La directive (UE) 2024/825 du Parlement européen et du Conseil modifie les directives 2005/29/CE et 2011/83/UE afin de renforcer la protection des consommateurs et de promouvoir la transition verte. Elle introduit des règles spécifiques pour lutter contre les pratiques commerciales déloyales, notamment l'écoblanchiment, les allégations environnementales trompeuses et les labels de durabilité non transparents.
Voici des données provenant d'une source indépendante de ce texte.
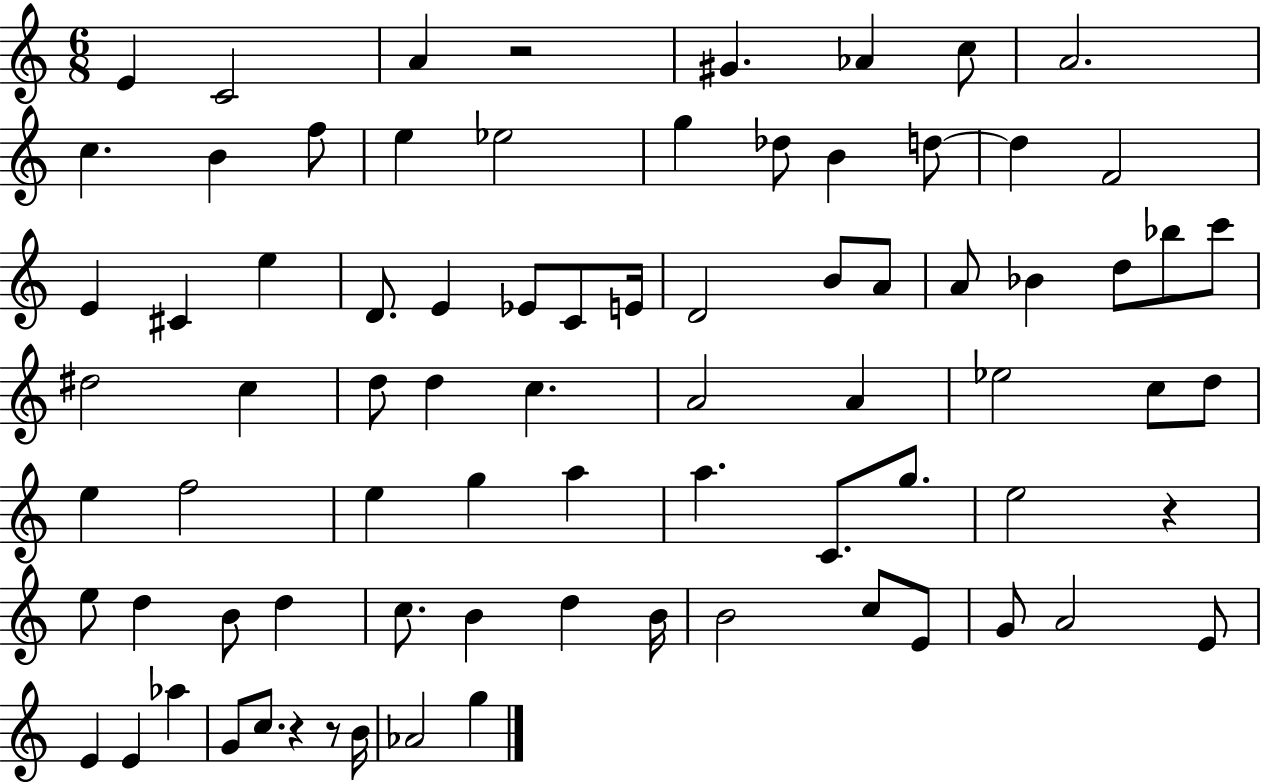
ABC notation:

X:1
T:Untitled
M:6/8
L:1/4
K:C
E C2 A z2 ^G _A c/2 A2 c B f/2 e _e2 g _d/2 B d/2 d F2 E ^C e D/2 E _E/2 C/2 E/4 D2 B/2 A/2 A/2 _B d/2 _b/2 c'/2 ^d2 c d/2 d c A2 A _e2 c/2 d/2 e f2 e g a a C/2 g/2 e2 z e/2 d B/2 d c/2 B d B/4 B2 c/2 E/2 G/2 A2 E/2 E E _a G/2 c/2 z z/2 B/4 _A2 g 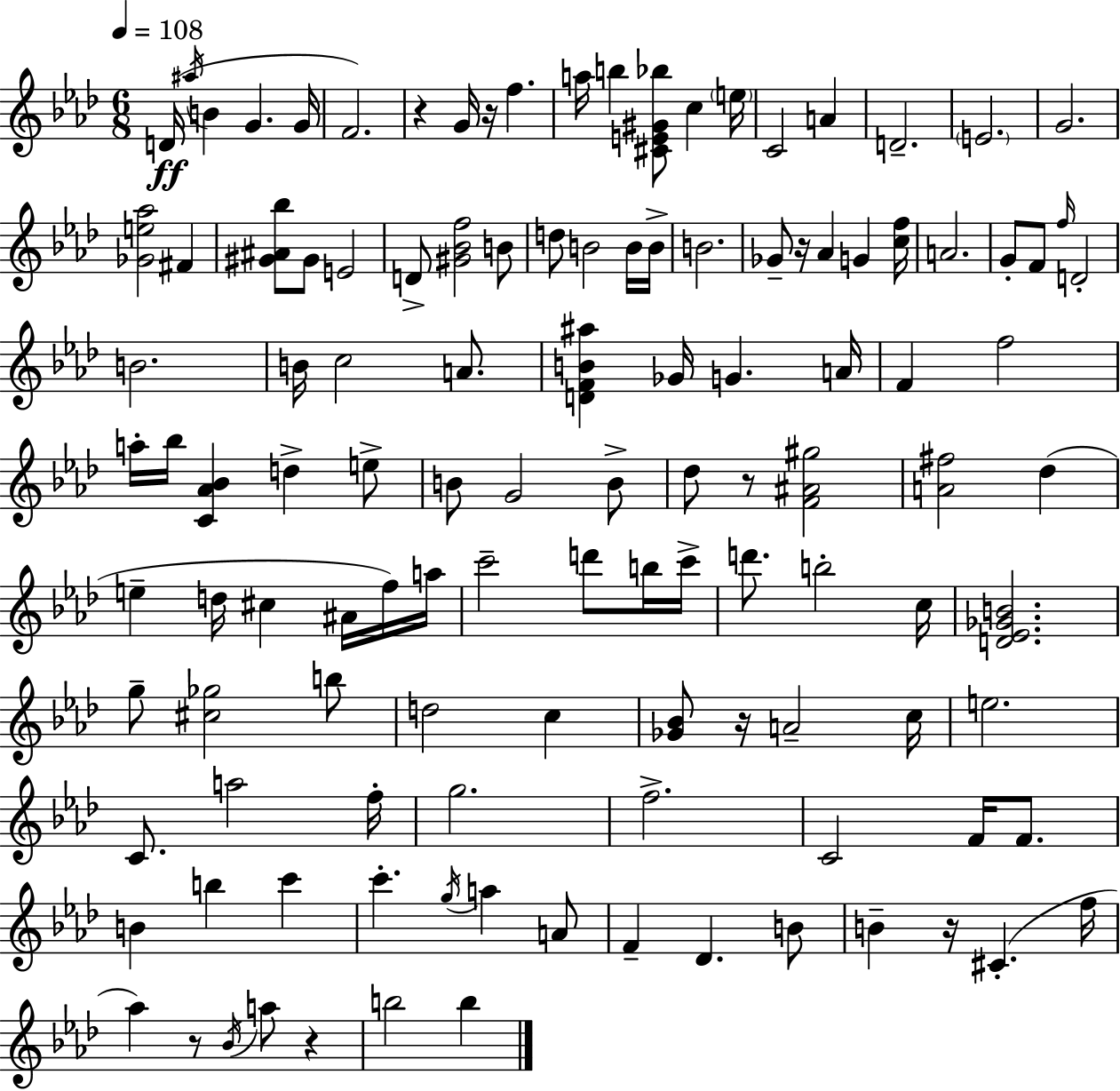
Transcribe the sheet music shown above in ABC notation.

X:1
T:Untitled
M:6/8
L:1/4
K:Fm
D/4 ^a/4 B G G/4 F2 z G/4 z/4 f a/4 b [^CE^G_b]/2 c e/4 C2 A D2 E2 G2 [_Ge_a]2 ^F [^G^A_b]/2 ^G/2 E2 D/2 [^G_Bf]2 B/2 d/2 B2 B/4 B/4 B2 _G/2 z/4 _A G [cf]/4 A2 G/2 F/2 f/4 D2 B2 B/4 c2 A/2 [DFB^a] _G/4 G A/4 F f2 a/4 _b/4 [C_A_B] d e/2 B/2 G2 B/2 _d/2 z/2 [F^A^g]2 [A^f]2 _d e d/4 ^c ^A/4 f/4 a/4 c'2 d'/2 b/4 c'/4 d'/2 b2 c/4 [D_E_GB]2 g/2 [^c_g]2 b/2 d2 c [_G_B]/2 z/4 A2 c/4 e2 C/2 a2 f/4 g2 f2 C2 F/4 F/2 B b c' c' g/4 a A/2 F _D B/2 B z/4 ^C f/4 _a z/2 _B/4 a/2 z b2 b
Les modifications apportées à la directive 2005/29/CE visent à interdire certaines pratiques commerciales trompeuses. Cela inclut les allégations environnementales génériques non étayées par une performance environnementale reconnue, les allégations portant sur l'ensemble d'un produit ou d'une entreprise alors qu'elles ne concernent qu'un aspect spécifique, et les affirmations basées sur la compensation des émissions de gaz à effet de serre. De plus, la directive interdit l'affichage de labels de développement durable non fondés sur un système de certification ou non établis par des autorités publiques.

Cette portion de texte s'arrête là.